Evaluating Academic Performance of Students Learning in Open University

MSSP 608 Practical Machine Learning Methods Final Project

By Jia Xu, Yamei Lu, YufeiQin in Machine Learning Python

December 7, 2021

Open University Learning Analytics Dataset

Our code is based on Google Colaboratory platform using Python language. Colab Python Code Link: CLICK HERE (May not be available if viewer is in China. Please visit HERE for more information.)


Introduction

Predicting students' academic performance at school using regression methods is not a new area of interest. Machine learning methods, however, are relatively new in this field and it has been flourishing in recent years.
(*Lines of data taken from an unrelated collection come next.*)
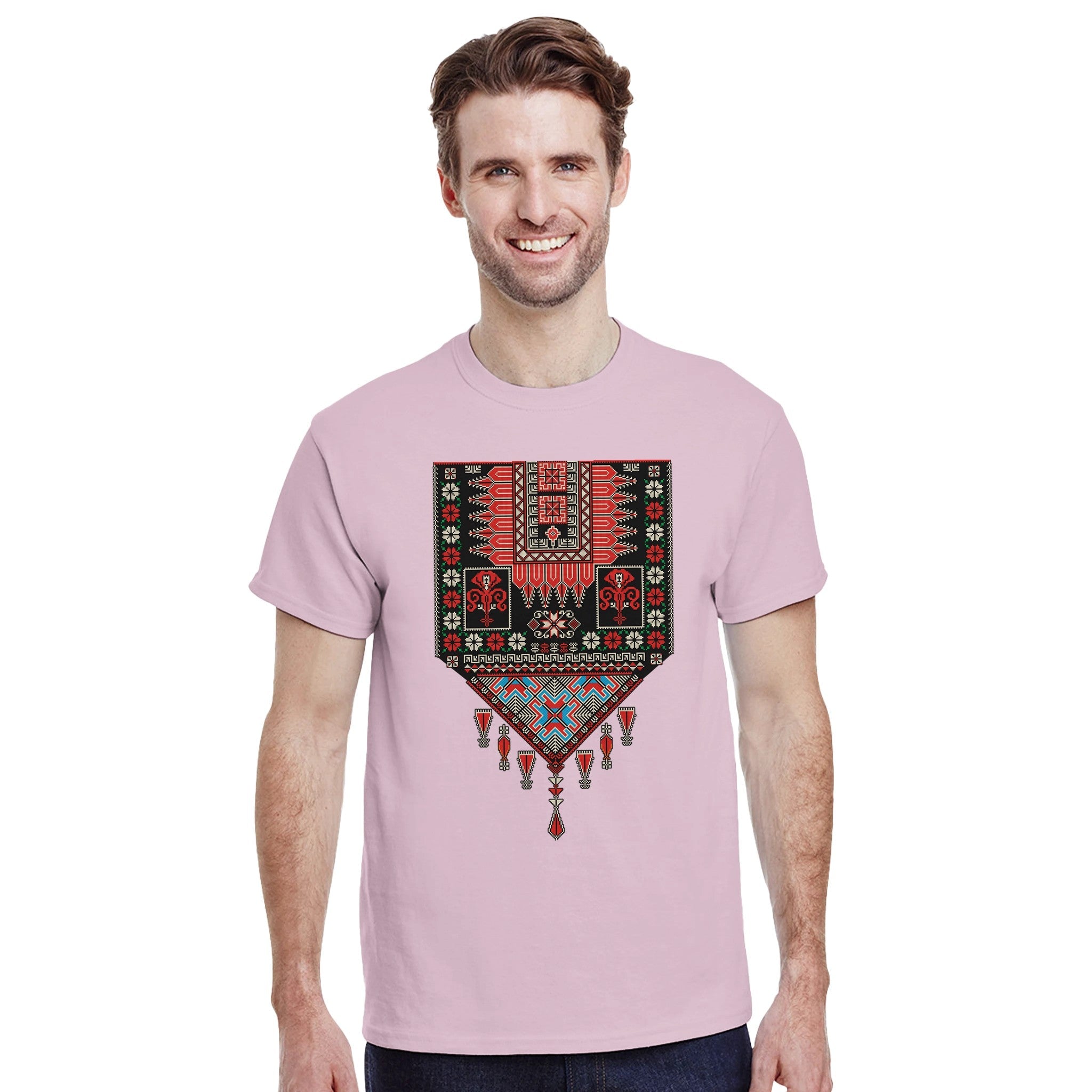 heritage Palestinian Tatreez T-shirt Unisex - The Kufiya Shop heritage Palestinian Tatreez T-shirt UnisexT-ShirtThe Kufiya StoreThe Kufiya Shop c8d2a714 - 7d04 - 4669 - bdf9 - dcc691cfc393Light PinkSeb31341d - c151 - 4928 - ba44 - 4f84c26097ab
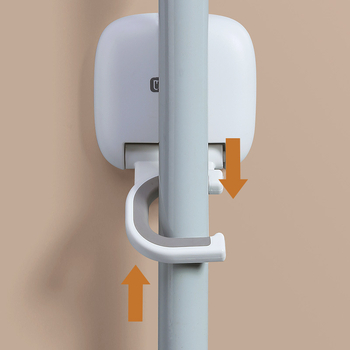 Sienas mop turētājs bez urbšanas (ABS, 0,5 kg, pulēta virsma, mūsdienīgs stils)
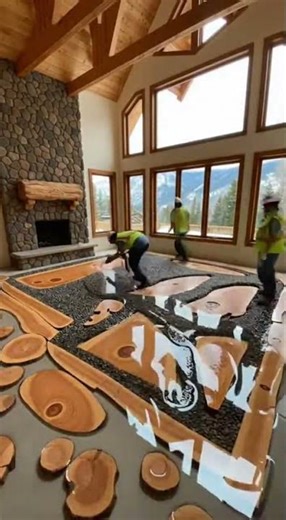Amazing Floor Installation You Should See! #FloorDesign #DIY #HomeRenovation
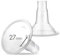 Maymom Myfit 27Mm Shields Compatible with Medela Breast Pump- Personalfit, Freestyle, Harmony, Maxi Connector; Connect to Widemouth/Narrow Connector, Personalfit/Freestyle Flex Connector; 2Pcs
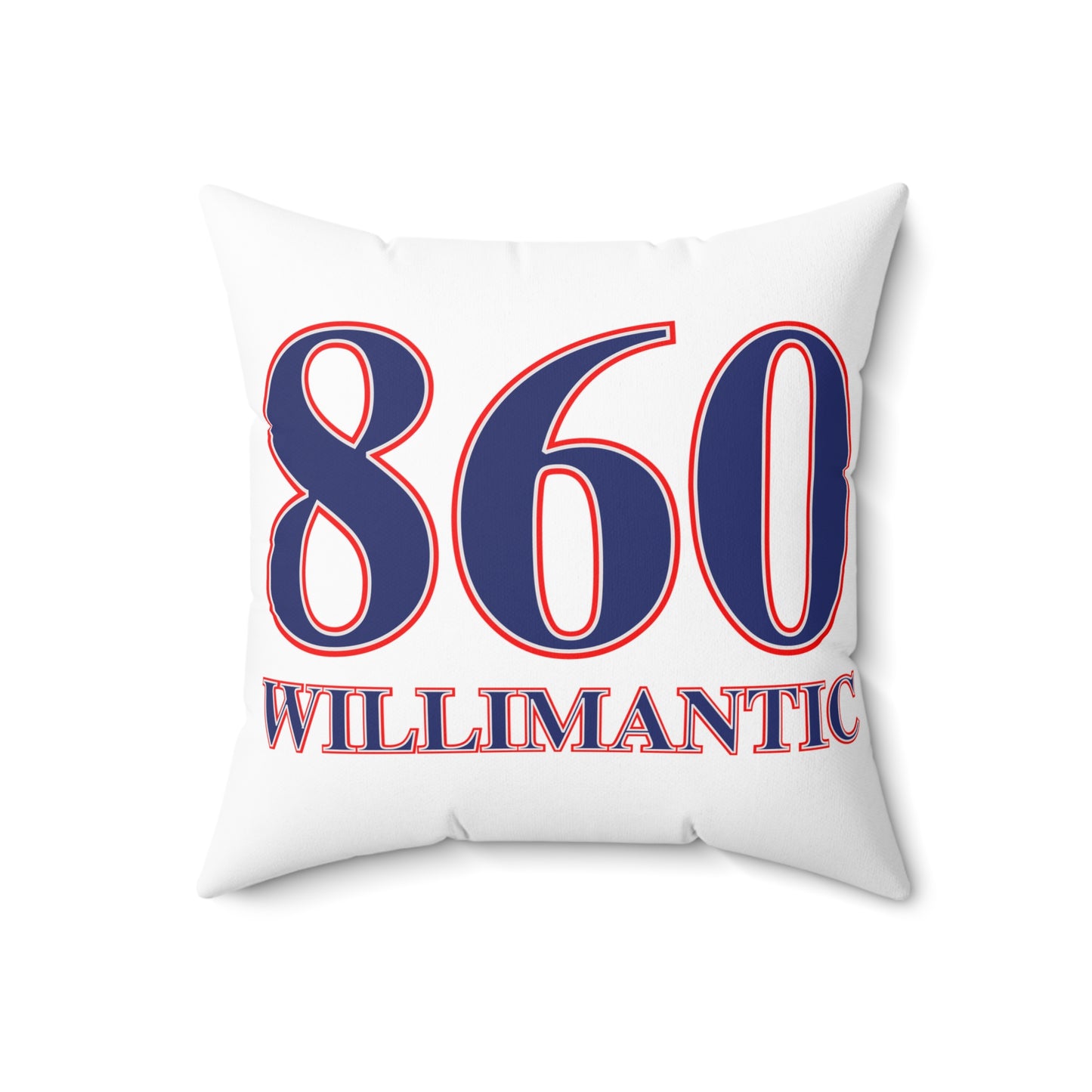 860 Willimantic Red, White & Blue Spun Polyester Square Pillow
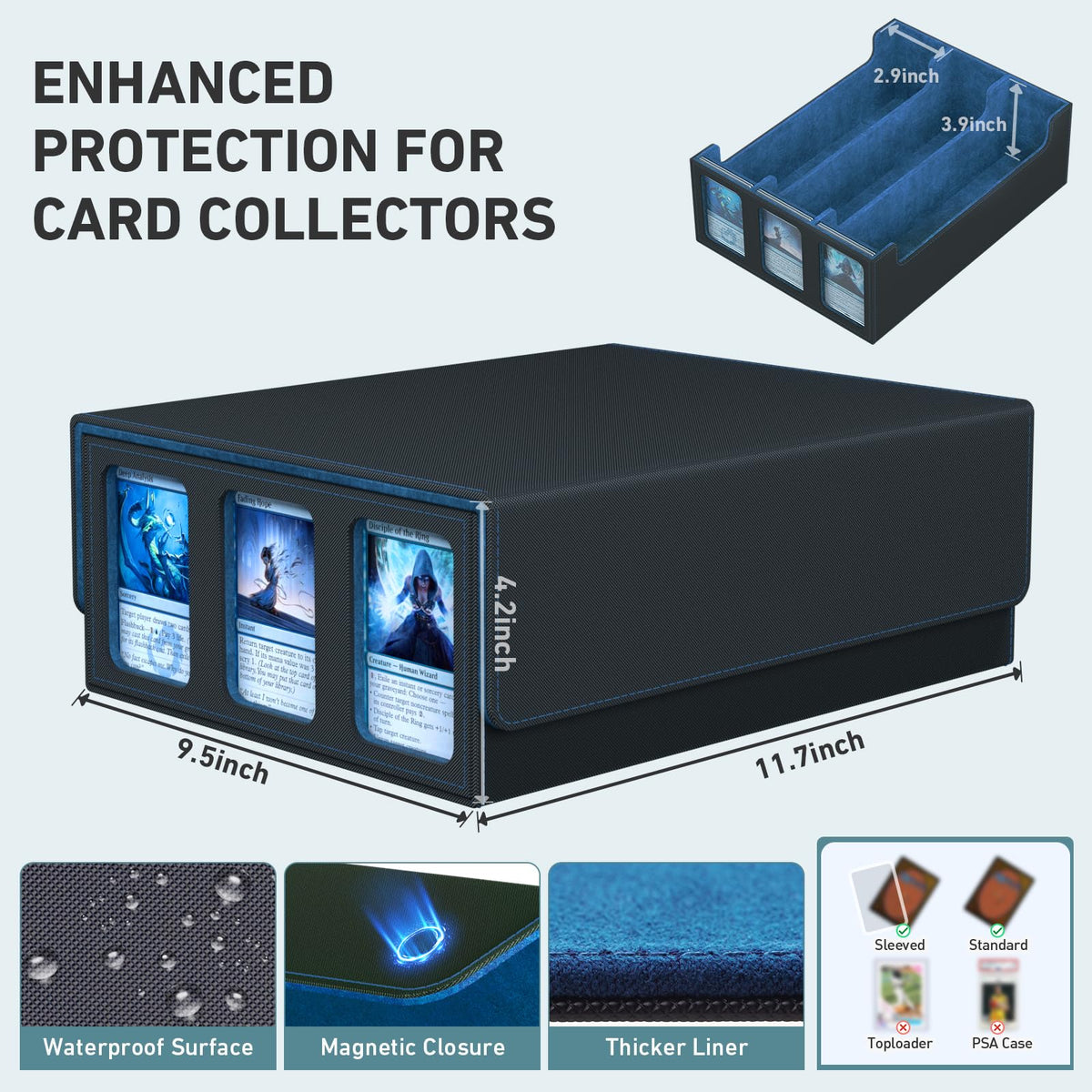 SENVINI 24 dividers allow quick customization of card categories and organization.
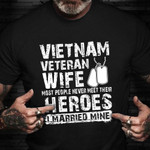 Vietnam Veteran Wife Shirt Veterans Day 2021 Gift Ideas For Her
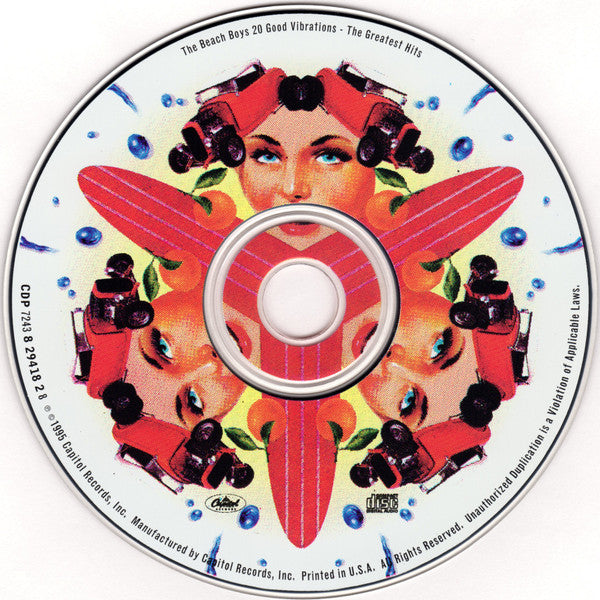 The Beach Boys : 20 Good Vibrations - The Greatest Hits (CD, Comp, RM)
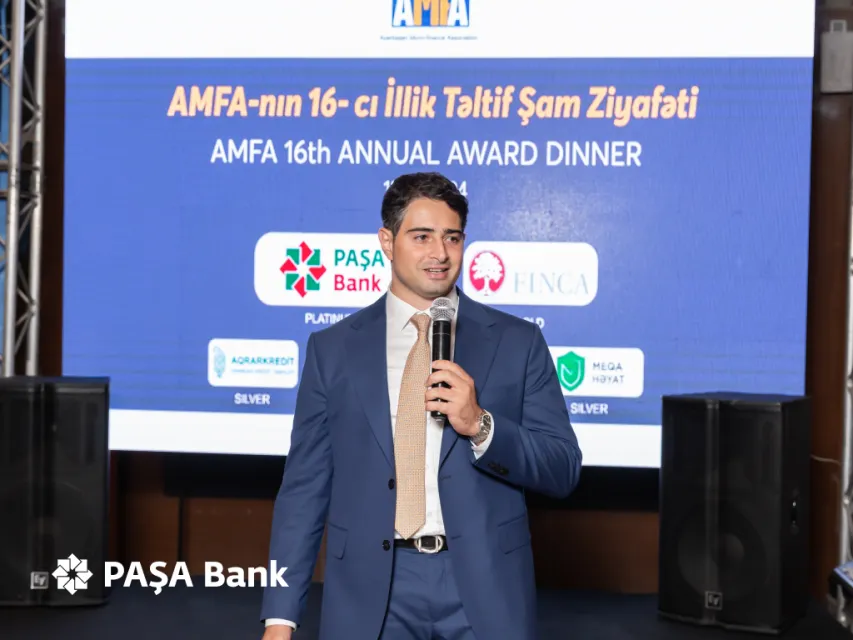PAŞA Bank AMFA-nın illik təltifetmə tədbirin “Platinum” tərəfdaşı olub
According to Ghorbani and Ghousi (2020), due to technological advancements, predicting students’ performance at school is among the most beneficial and significant research topics nowadays. Therefore, we believe that it is a meaningful area for us to focus on and we decide to analyze the Open University Learning Analytics Dataset to study the student’s academic performance.

Rastrollo-Guerrero, et al. examined nearly 70 papers in their review published in the year 2020 and concluded that the most widely used technique for predicting students’ performance was supervised learning, as it gives accurate and credible results. To be specific, SVM (Support Vector Machine), DT (Decision Tree), NB (Naïves Bayes), and RF (Random Forest) have also been well-studied algorithmic proposals that gave good outcomes (Rastrollo-Guerrero, et al., 2020). Therefore, in this study, we will hopefully try to examine the Open University Dataset using SVM, DT, Gradient Boost, and RF regression.

Primary Task

For the primary task part, we would like to use the Open University Learning Analytics Dataset to apply our analysis. This is an open dataset collection that collects data from Open University’s presented courses, student demographic data, and aggregated clickstream data of students’ behavior interactions in the Virtual Learning Environment (VLE). This dataset collection contains 7 separate tables, including information about 22 courses, 32,593 students’ information and their individual assessment results, and their interactions with the VLE represented by daily summaries of student clicks (10,655,280 entries) (Kuzilek, J., Hlosta, M. & Zdrahal, Z) .

For our analysis, we would like to mainly focus on students’ performance in different courses (more specifically, their scores won from different classes), and forecast their scores in the future based on the course features and student demographic features. As we are predicting numeric scores, we would apply some different regression methods and compare their prediction performances. Before officially applying different regression models, we have done data pre-processing (like deleting useless columns and calculating new features, replacing null values with reasonable numbers, and using techniques such as one-hot code to transfer nominal features into numeric ones, etc.)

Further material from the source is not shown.